ぐっとくる題名(ブルボン小林)

これまで音楽や映画について書き散らかして参りましたが、いわゆる邦題という奴についてクサクサしたことは一度や二度ではなかった気がします*1


冷静になって考えると、どんな題名をつけようがそれは身銭を切った製作者の方々の勝手。上手くいかなければ損する(あるいは恥をかく)のは彼らなのであって自分ではありません。

それなのにイチャモンつけるのは、或る作品の内容(本質)が如何に素晴らしくとも題名一つでその本質的な価値すらを損ねかねないと思うからです。


そんな具合に勝手に使命感に燃えて、時に感銘を受け、時に憤ってきたわけですが、かくも業の深い「題名」という存在の性質を徹底的に掘り下げたのが本作「ぐっとくる題名」です*2 *3


本書の実のところの著者である小説家長嶋有氏については、ずいぶん以前に書いたレビューで言及したことがあります。彼の小説に漂う「上の空」感について触れたものでした。

小説のみならずエッセイにおいても「弟子が欲しい。そして命名したい」などといった全くもって上の空な主張を展開する長嶋氏ですが、ブルボン小林という別名の下ではその傾向に拍車がかかり、実に実のない話題に真正面から(ときに恥ずかしがるフリをしつつ)取り組み、恥ずかしげも無く(ときに言い訳しながら)細部に渡って分析しております。
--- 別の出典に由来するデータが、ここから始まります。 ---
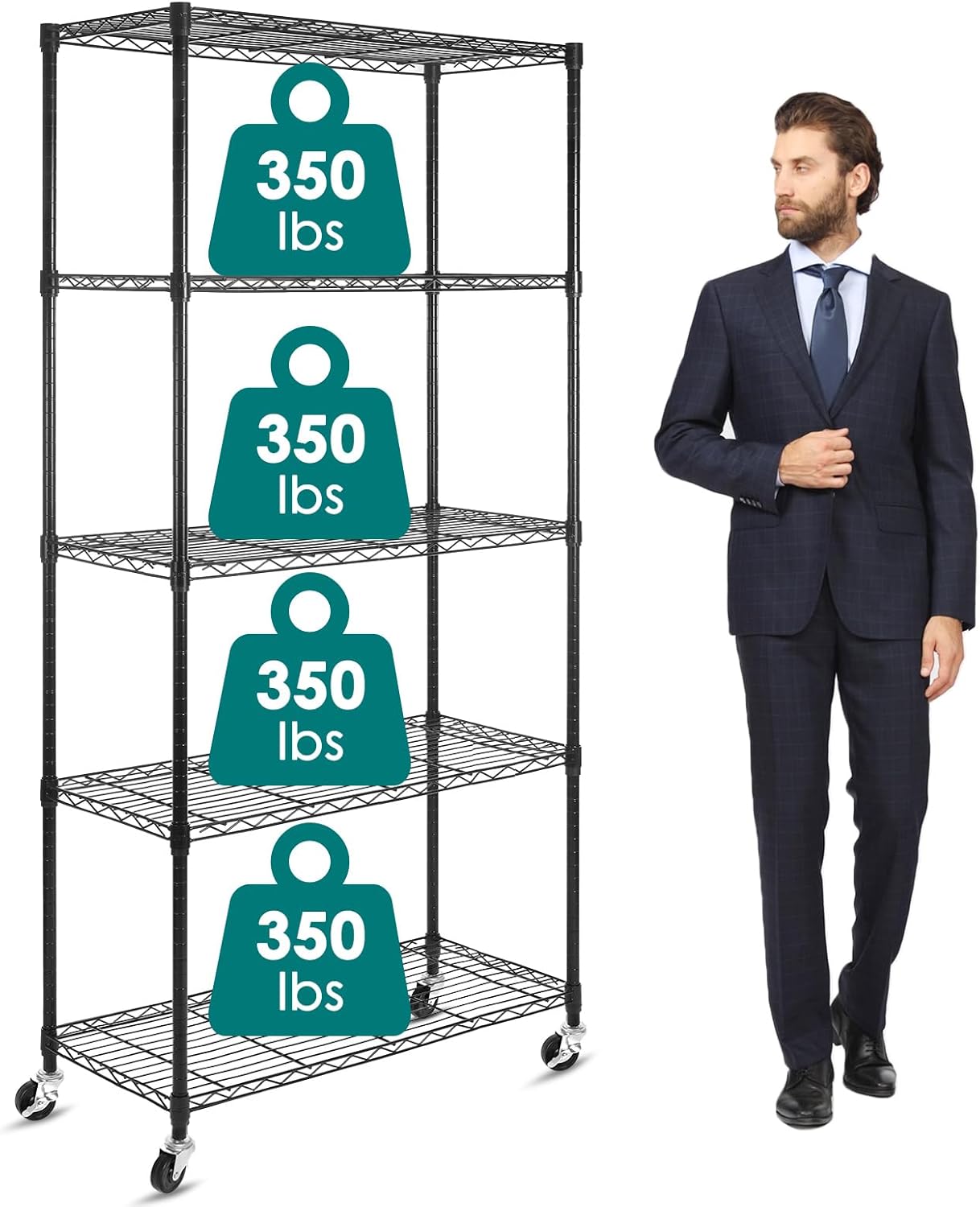 WDT 5-Shelf Shelving Units on Wheels Casters, Adjustable Heavy Duty Metal Shelf Wire Storage Rack for Home Office Garage Kitchen Bathroom Organization(16\u201DWx36\u201DDx75\u201DH), Black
分析の対象は題名の通り、まさしく「題名」だけ。内容もしくはコンテンツには(ほぼ)関心が払われません。

もう言ってしまえば「どうでもいい」ことについて、ああでもないこうでもないと唸りつつ理屈を付け(ようと試み)なければ気がすまない、そんな著者の病的な性格は人に拠って「好き/嫌い」が激しく分かれそうな気がします。
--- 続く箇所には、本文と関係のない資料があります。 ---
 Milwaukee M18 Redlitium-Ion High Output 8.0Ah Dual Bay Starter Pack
ワタクシは、そこのところについて「好き」どころか、殆ど自分自身を見ているかのようにDNAが共振するのを感じるのであります。


ぐっとくる題名 (中公新書ラクレ)

ぐっとくる題名 (中公新書ラクレ)

*1:回数が多すぎるのでいちいちリンクを用意する気さえ失せる。「邦題」とでも入れて検索してみて頂きたい。

*2:そのまんまな題名だ。話は変わるが、余りに偏向的な内容に著写自身も気後れしているのか、カッコつきで自分で自分に突っ込むという考えようによっては救いようも無くイタい場面が本作では多く観られる。「本作『ぐっとくる題名』です(そのまんまだな)」というイメージ。

*3:「グっと来る」ではなく、「ぐっとくる」であるところにも著者の何らかの作為がこめられているのだろう。・・・と考えさせられている時点で自分のメンタリティが侵食されているのを感じる。ストーカー的な物言いであることは承知しているが。